(Source data)
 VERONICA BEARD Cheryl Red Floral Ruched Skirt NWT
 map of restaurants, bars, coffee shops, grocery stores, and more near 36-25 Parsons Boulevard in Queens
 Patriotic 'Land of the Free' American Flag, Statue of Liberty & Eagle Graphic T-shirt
(End Source data)
* _Task to carry out_: The line with "map of restaurants, bars, coffee", the last line of the data above, and every line between them should be duplicated exactly, with nothing else.

* _Your solution_:
 map of restaurants, bars, coffee shops, grocery stores, and more near 36-25 Parsons Boulevard in Queens
 Patriotic 'Land of the Free' American Flag, Statue of Liberty & Eagle Graphic T-shirt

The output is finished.